During his summer holidays, chef Olivier Vincenot used to spend his time in the French countryside by making pastries with his grandmother. Later, at the age of 14, he decided to pursue a vocation in one of France’s best-known bakery — La Patisserie. That is where he created many types of creamy French cakes as well as experimented with chocolates.

And then, he went on for the next seven years to strengthen his specialisation. “While some people express themselves in painting, writing and singing, my passion is baking, and chocolates become an important part of the process,” says Vincenot who also headed a pastry shop in a Japanese vineyard, making French style Japanese flavour cakes.

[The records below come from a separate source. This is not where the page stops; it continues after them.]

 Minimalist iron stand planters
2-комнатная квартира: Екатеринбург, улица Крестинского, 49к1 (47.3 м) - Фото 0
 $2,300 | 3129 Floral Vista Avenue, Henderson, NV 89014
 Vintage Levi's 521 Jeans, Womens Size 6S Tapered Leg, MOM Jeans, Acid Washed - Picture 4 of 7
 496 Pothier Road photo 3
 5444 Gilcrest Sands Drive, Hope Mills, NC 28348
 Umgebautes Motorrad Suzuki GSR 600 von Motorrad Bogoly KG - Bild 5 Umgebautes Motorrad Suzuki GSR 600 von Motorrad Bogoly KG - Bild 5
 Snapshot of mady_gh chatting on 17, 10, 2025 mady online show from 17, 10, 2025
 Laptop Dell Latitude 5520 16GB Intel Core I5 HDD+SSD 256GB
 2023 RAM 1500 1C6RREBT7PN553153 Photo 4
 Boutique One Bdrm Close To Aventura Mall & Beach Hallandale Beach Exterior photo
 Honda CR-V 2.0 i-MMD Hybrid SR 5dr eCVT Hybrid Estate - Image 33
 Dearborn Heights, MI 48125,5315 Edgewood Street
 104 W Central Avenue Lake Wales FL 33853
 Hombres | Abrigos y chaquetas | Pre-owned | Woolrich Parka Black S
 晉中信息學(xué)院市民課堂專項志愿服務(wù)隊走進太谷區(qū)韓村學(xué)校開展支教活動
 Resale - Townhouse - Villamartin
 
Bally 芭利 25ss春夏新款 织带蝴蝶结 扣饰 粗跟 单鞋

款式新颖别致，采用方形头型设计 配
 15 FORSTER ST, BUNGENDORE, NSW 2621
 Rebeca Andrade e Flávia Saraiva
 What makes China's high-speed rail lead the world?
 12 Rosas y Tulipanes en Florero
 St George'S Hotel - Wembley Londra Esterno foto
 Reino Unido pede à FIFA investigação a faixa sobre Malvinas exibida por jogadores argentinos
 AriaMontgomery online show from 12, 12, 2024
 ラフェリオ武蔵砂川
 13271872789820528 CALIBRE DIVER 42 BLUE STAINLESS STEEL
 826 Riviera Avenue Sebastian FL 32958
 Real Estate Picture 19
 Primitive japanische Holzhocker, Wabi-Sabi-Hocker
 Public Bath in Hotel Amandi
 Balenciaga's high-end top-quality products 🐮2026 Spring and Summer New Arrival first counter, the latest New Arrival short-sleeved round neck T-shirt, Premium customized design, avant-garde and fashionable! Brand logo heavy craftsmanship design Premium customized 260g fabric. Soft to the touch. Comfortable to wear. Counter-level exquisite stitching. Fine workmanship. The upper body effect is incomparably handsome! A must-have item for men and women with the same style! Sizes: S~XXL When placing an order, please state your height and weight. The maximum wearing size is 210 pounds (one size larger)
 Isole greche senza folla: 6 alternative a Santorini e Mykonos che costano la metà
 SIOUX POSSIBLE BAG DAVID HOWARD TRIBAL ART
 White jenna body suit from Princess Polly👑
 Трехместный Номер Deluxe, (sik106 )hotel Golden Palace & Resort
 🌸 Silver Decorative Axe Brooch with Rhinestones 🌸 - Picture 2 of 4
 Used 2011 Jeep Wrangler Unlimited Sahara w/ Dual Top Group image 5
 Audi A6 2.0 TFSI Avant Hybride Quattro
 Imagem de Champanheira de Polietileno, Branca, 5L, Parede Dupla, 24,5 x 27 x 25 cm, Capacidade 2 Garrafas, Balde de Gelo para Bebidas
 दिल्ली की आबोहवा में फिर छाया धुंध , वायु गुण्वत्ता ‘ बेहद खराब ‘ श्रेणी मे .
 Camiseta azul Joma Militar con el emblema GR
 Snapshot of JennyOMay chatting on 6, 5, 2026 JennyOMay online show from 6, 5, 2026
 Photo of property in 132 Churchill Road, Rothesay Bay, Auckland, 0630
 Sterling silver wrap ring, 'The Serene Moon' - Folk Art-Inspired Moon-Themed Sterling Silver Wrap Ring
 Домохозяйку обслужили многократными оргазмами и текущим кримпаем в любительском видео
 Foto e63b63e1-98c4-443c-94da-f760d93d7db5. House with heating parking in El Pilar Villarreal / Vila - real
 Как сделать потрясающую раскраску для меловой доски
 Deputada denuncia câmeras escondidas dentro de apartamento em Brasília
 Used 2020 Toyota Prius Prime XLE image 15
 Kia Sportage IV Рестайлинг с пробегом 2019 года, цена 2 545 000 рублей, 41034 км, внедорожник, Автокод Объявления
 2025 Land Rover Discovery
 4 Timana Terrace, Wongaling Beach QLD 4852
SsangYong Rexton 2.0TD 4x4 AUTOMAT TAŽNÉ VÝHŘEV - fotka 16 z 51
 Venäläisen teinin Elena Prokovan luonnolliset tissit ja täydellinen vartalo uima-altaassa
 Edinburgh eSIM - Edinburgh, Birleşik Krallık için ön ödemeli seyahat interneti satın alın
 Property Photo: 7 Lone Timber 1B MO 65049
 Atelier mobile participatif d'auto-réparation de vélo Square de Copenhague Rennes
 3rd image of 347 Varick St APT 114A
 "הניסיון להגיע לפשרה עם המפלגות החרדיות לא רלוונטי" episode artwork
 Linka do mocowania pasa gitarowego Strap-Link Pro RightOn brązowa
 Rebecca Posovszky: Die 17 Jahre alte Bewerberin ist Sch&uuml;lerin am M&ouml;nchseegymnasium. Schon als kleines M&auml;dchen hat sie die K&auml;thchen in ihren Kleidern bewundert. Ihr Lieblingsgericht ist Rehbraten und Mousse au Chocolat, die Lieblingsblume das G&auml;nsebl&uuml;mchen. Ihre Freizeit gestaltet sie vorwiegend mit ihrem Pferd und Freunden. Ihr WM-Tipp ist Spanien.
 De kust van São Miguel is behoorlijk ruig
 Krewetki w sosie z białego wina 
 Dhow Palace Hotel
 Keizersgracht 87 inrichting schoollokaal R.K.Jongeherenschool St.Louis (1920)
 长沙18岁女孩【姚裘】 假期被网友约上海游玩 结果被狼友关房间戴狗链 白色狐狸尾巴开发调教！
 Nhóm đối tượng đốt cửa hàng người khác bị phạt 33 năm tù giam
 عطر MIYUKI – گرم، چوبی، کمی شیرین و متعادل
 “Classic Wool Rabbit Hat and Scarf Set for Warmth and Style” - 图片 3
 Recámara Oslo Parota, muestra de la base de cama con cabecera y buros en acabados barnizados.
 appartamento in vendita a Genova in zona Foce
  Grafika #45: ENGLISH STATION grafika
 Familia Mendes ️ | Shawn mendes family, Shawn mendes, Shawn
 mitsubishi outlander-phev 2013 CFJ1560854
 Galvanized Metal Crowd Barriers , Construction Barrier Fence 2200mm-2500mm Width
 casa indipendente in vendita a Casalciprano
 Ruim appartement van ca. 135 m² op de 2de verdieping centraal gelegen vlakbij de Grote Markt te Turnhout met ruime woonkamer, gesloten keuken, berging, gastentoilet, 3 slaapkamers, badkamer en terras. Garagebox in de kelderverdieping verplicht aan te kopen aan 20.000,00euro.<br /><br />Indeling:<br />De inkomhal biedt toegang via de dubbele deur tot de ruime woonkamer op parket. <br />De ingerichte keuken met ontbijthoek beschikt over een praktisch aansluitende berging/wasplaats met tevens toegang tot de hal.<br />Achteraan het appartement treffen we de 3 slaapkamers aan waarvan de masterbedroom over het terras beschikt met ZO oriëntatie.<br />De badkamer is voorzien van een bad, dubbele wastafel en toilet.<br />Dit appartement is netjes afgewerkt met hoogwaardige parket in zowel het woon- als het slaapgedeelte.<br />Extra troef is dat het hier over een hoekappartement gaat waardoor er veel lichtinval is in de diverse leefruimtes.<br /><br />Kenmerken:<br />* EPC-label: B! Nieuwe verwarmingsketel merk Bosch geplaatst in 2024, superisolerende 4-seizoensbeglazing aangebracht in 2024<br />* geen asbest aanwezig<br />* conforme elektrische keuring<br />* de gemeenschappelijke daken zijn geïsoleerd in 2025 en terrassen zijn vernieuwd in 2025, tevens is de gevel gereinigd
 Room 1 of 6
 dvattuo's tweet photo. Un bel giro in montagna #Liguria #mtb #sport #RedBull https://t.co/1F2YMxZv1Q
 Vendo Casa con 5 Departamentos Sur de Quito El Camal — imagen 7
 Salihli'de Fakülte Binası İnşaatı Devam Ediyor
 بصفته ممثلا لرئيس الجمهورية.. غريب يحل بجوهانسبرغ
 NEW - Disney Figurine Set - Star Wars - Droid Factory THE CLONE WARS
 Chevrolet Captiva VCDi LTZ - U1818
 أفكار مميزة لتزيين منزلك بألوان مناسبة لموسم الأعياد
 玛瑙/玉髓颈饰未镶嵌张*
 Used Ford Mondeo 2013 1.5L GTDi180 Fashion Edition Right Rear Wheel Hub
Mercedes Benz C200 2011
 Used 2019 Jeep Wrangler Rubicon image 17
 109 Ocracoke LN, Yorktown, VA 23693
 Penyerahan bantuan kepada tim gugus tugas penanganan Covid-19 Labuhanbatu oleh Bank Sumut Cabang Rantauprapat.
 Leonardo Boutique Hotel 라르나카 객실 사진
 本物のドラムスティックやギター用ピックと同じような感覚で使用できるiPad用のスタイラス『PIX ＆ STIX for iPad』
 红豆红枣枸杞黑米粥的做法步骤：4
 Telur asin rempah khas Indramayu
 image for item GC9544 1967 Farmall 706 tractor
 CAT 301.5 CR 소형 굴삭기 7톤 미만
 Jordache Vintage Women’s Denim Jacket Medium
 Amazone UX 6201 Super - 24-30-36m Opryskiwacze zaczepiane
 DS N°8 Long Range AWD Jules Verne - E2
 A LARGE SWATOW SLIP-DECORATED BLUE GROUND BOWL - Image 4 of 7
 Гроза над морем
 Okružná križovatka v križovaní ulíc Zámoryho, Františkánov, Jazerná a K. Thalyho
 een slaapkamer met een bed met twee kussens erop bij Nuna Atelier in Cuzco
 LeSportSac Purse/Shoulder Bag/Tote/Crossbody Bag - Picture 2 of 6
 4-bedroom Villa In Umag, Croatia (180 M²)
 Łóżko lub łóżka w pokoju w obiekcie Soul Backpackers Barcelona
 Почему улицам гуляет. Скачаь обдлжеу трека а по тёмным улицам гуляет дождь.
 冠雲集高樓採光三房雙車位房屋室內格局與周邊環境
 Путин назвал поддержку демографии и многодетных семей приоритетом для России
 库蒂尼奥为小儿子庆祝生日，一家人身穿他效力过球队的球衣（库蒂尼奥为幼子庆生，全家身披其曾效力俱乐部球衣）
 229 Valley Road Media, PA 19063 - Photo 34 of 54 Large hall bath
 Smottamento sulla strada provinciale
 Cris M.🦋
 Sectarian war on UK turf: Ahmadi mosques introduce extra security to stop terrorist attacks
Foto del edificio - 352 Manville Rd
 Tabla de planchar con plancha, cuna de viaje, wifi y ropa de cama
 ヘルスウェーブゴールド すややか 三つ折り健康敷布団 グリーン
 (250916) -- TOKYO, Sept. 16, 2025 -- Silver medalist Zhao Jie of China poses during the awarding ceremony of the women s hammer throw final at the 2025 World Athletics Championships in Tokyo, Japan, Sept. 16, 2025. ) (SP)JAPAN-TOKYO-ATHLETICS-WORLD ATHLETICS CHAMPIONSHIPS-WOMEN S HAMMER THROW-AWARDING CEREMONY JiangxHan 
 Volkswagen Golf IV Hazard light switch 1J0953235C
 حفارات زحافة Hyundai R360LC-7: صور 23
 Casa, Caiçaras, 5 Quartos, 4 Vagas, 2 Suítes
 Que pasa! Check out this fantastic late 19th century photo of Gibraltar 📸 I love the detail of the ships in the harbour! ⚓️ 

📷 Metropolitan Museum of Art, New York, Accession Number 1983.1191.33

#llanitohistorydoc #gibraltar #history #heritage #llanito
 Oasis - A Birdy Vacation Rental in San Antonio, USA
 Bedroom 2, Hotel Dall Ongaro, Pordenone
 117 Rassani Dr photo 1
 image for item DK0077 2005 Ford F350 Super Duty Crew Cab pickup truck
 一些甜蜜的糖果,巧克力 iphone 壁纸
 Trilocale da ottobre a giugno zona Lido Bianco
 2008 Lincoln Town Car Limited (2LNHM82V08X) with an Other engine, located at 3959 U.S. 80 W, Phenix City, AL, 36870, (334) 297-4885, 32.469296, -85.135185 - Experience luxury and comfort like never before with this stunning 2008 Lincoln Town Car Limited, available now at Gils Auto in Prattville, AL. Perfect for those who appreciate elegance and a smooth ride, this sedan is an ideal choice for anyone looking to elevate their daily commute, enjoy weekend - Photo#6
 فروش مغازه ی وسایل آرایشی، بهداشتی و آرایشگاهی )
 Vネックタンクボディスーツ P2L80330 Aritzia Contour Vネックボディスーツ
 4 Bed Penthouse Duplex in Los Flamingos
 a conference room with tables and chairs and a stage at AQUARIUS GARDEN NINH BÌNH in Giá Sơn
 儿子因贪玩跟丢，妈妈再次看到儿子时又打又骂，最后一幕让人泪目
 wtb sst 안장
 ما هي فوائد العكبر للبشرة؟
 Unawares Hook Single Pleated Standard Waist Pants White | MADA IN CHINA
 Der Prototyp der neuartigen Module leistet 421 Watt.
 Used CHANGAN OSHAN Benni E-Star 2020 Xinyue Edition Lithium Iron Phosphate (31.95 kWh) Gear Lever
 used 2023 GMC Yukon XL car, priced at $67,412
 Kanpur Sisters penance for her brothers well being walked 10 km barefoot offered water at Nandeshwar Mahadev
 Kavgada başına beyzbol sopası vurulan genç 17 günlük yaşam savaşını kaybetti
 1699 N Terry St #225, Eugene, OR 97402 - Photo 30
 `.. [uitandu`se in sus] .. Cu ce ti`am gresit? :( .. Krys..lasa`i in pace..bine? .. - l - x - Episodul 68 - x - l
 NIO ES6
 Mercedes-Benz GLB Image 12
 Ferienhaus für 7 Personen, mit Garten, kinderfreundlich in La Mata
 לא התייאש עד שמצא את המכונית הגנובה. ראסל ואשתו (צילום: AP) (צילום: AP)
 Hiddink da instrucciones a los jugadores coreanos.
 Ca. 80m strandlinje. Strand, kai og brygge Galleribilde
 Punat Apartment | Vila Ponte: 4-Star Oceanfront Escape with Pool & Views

“What appeals to me about chocolates are its different origins. Chocolates are special. Mousses, cupcakes, creams, drinks and anything that you can do with food can be done with chocolates. You get some (chocolates) which are bitter than others and some which are sweeter and some can be spicy as well. It can be used in a broad range of cooking — not just as sweet but also savoury,” adds the corporate chef at Foodhall, a premium lifestyle food superstore.

Mentioning his secrets and techniques of making “perfect chocolates” through various applications like tempering, moulding and decorating, Vincenot mentions that the flavour of the chocolate used should predominate. “Chocolate has to be tasted first and then whatever else one adds, whether chilli flakes or cardomon or cinnamon has to come second. There has to be a balance,” Vincenot tells Metrolife on the sidelines of his recently held ‘Art of Chocolate Making Workshop’ at DLF, Saket.

On the need of conducting such workshops, he says, “There is a need to entertain and educate the audience. As a professional, I know chocolates. But for others it could be just two types — couverture or compound chocolates. So we try to explain the processes.”

While he points out that fusion is being tried with chocolates for a long time now, he questions if it is being done right. “People tend to use chocolates and try fusion. But if one overdoes it, then it kills the effect,” exclaims the chef who started his culinary journey, 35 years ago.